**WHAT YOU ARE ASKED TO DO**
Carry none of the pictures over; write out the complete data exactly.

Pictures with short captions
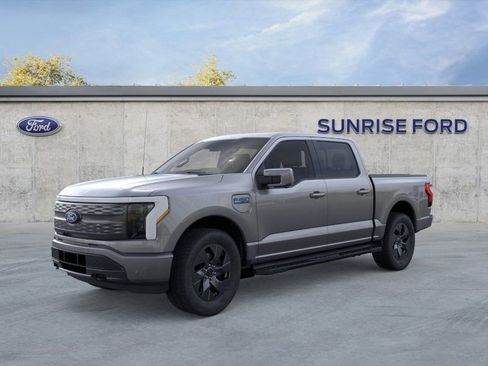 New 2025 Ford F150 Lightning Lariat image 1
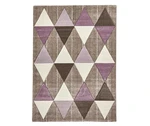 Koberec Brooklyn Beige Purple 120x170 cm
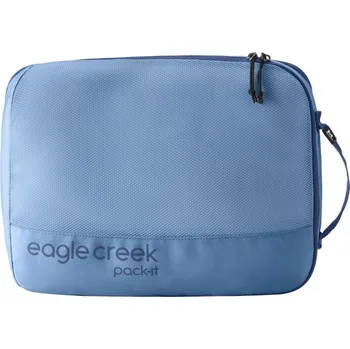 Cestovní taška Eagle Creek kompresní obal Pack-It Reveal Expansion Cube M blue dawn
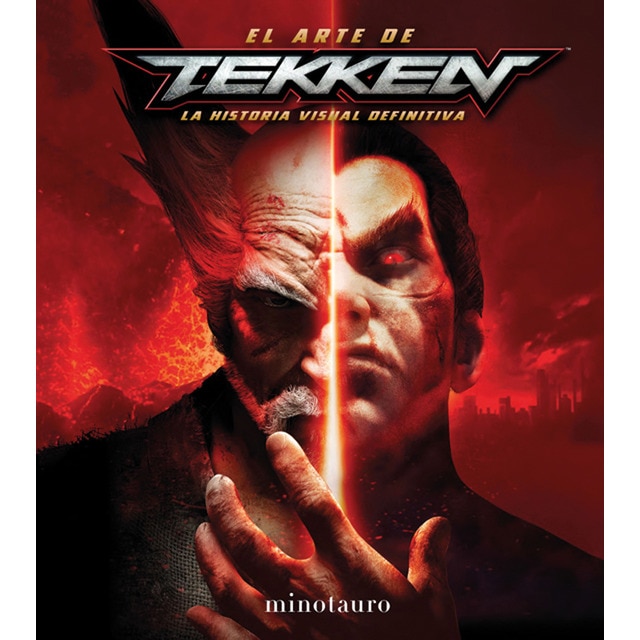 El arte de tekken: Una historia visual completa (Tapa dura)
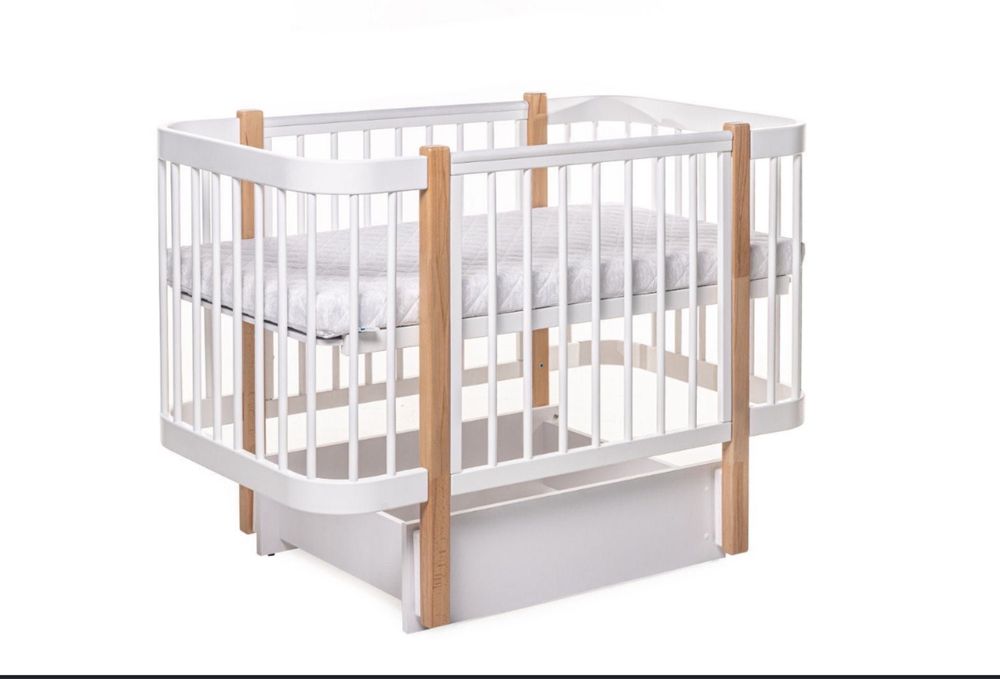 Дитяче ліжечко DeSon Svitanok , кроватка маятникова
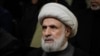 نعیم قاسم منحیث رهبر جدید گروه حزب الله لبنان انتخاب شد 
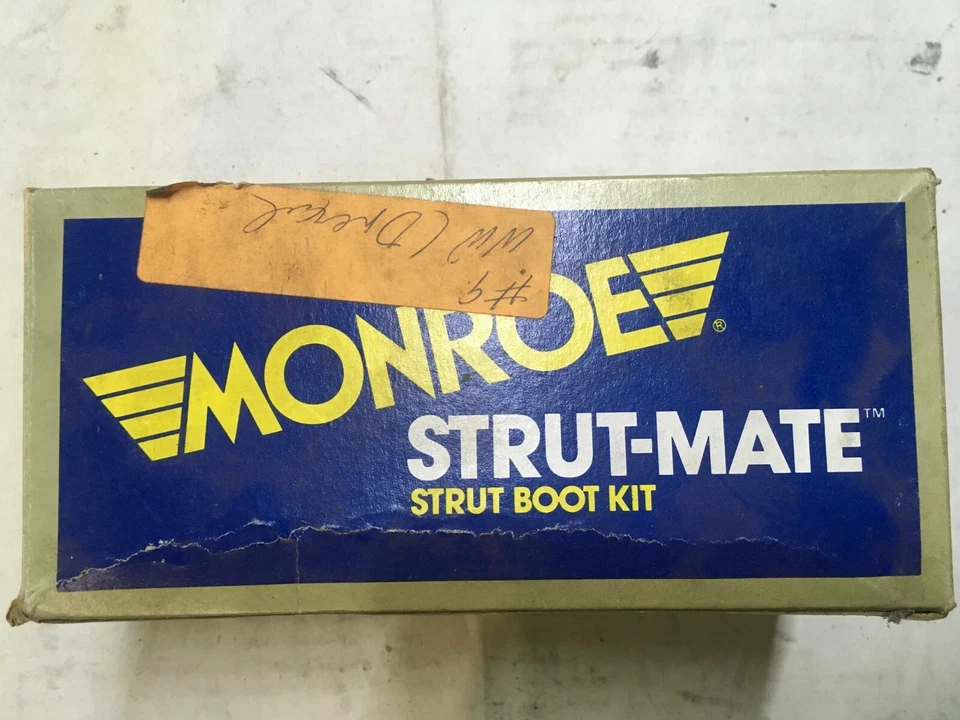 New Monroe Strut-Mate Strut Boot Kit 63619 - Image 1 of 4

**EXERCISE ANSWER**
 New 2025 Ford F150 Lightning Lariat image 1
 Koberec Brooklyn Beige Purple 120x170 cm
 Cestovní taška Eagle Creek kompresní obal Pack-It Reveal Expansion Cube M blue dawn
 El arte de tekken: Una historia visual completa (Tapa dura)
 Дитяче ліжечко DeSon Svitanok , кроватка маятникова
 نعیم قاسم منحیث رهبر جدید گروه حزب الله لبنان انتخاب شد 
 New Monroe Strut-Mate Strut Boot Kit 63619 - Image 1 of 4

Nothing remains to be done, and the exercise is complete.